__WHAT THE TASK ASKS__
Write out, word for word, every line in the data below from the one containing "1.21 TCW Pear Moissanite Halo Necklace" to the one containing "Ladies Womens 70s", both of them included.

──────── AVAILABLE DATA

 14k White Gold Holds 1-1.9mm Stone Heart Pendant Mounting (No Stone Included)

────────────────
──────── AVAILABLE DATA

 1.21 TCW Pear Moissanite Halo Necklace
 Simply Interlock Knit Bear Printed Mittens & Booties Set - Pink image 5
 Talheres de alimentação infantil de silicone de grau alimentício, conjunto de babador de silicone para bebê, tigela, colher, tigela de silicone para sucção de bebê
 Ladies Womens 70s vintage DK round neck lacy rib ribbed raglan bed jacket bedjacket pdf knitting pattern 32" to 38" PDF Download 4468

────────────────

__WRITTEN RESPONSE__
 1.21 TCW Pear Moissanite Halo Necklace
 Simply Interlock Knit Bear Printed Mittens & Booties Set - Pink image 5
 Talheres de alimentação infantil de silicone de grau alimentício, conjunto de babador de silicone para bebê, tigela, colher, tigela de silicone para sucção de bebê
 Ladies Womens 70s vintage DK round neck lacy rib ribbed raglan bed jacket bedjacket pdf knitting pattern 32" to 38" PDF Download 4468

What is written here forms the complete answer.